Ulf Noren: Also, we have an extreme focus on operational efficiency, especially within the field of settlement. We have also offshored quite a lot of our settlement processing, account administration processes and the majority of mandatory asset servicing processes to an operations centre in Riga, Latvia, fully controlled by SEB and operating as branch of SEB AB.

We also engage with clients on industrialisation projects, going through their complete operational efficiency and identifying where they might cause us trouble and where we might cause them trouble. It is a two-way and completely transparent process in order to become more efficient and to cut costs from both ends. To have an unbundled pricing model, you need an unbundled service model – that is the prerequisite.

Then you need to go into a bilateral discussion with the clients to see whether they can reconcile your unbundled pricing, and whether or not they can allocate it to clients and trading portfolios. We will not see a shift from a bundled model into a full unbundled model – it will be several models being unbundled.

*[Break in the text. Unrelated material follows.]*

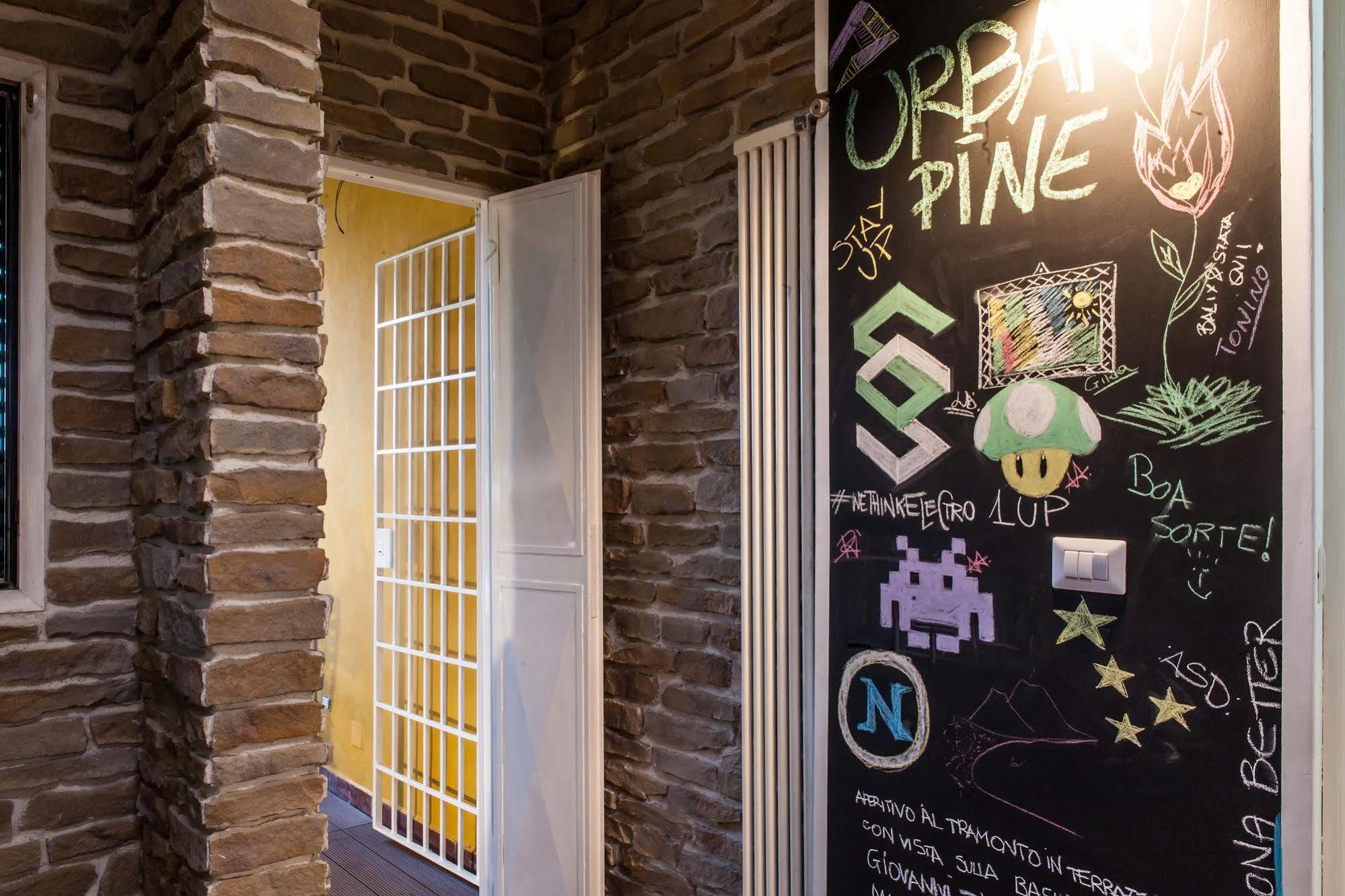 Urban Pine Rooms ローマ エクステリア 写真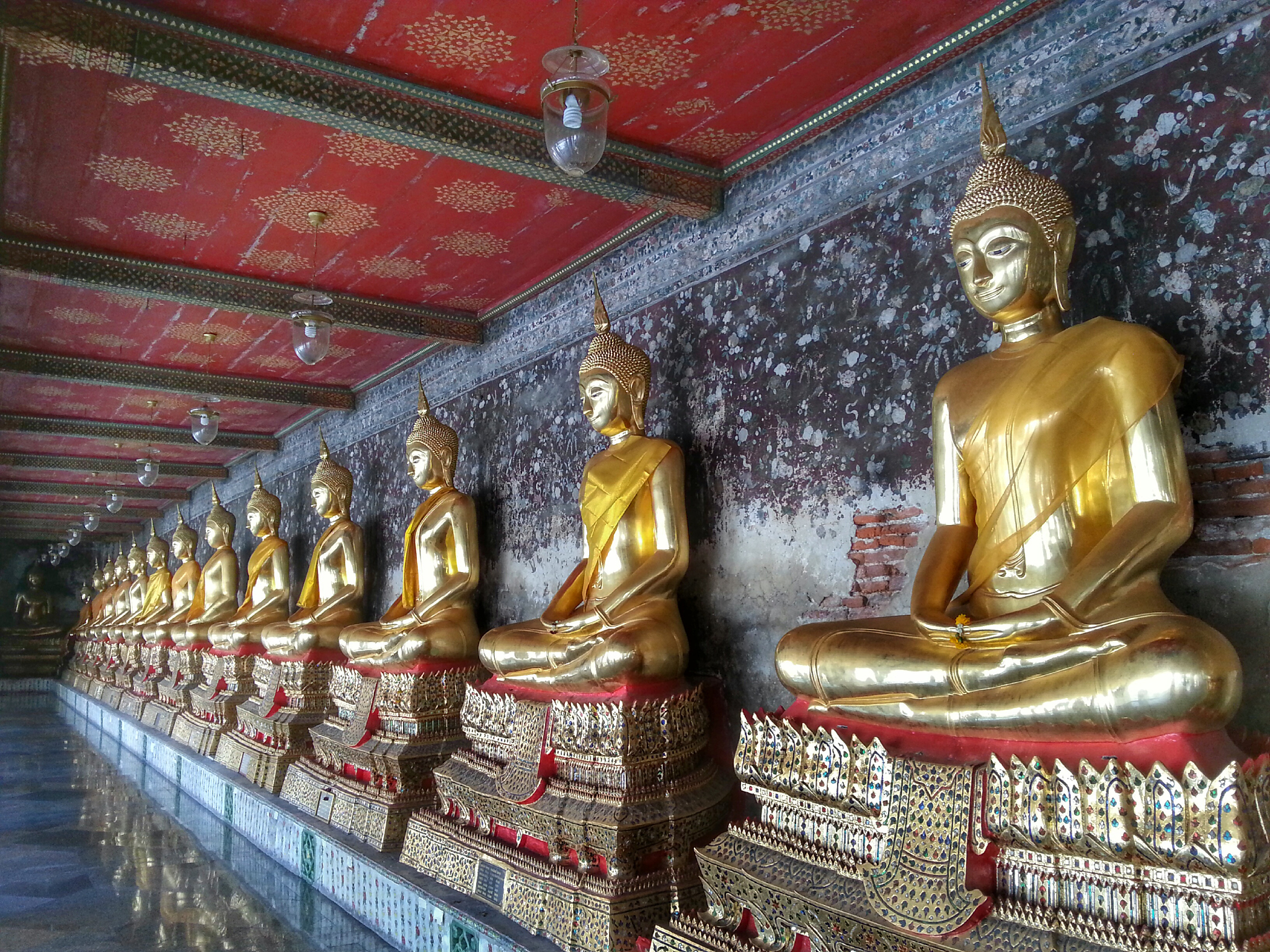thai temple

Lilla Juranyi: It is not only the sub-custodians, but the global custodians and the whole banking industry have to go for efficiency increases. The sub-custodian world is more in focus because we are at the end of the chain. We are also under significant pressure to improve the service level and, if we are not doing that in the proper way, ensuring everything is efficiency-driven, it will not automatically happen.

When we are required to provide additional services or tailor the requirements of all our clients, it is very difficult to gain efficiencies on our side. We are centralising services through a Bratislava hub – a country that is well developed, well established and where we have very good and skilled workforces. The majority of that setup is not about client-facing services, it includes setups in the systems, static data, reconciliation, invoicing and corporate action processing.

How far we can centralise processes is another question – can it include settlement and custody? Or, as a sub-custodian, how much local presence should we keep? It needs to be a very good balance because the client-facing side should be left on the local level.

Custody Risk: What about staffing levels?
Ulf Noren: We will have client-facing staff at all levels and locations. If it makes sense to have client-facing staff in the processing hub, we have to do it – for example, in settlement. We now have 74 people conducting processes out of Riga at a considerably lower cost than when we did it locally. There are still many people left locally, with complexity and market presence to be the guiding star of that. So, whenever a process is very complicated, when you need to speak the language or, for example, when you need to understand local regulatory rules, it is done locally.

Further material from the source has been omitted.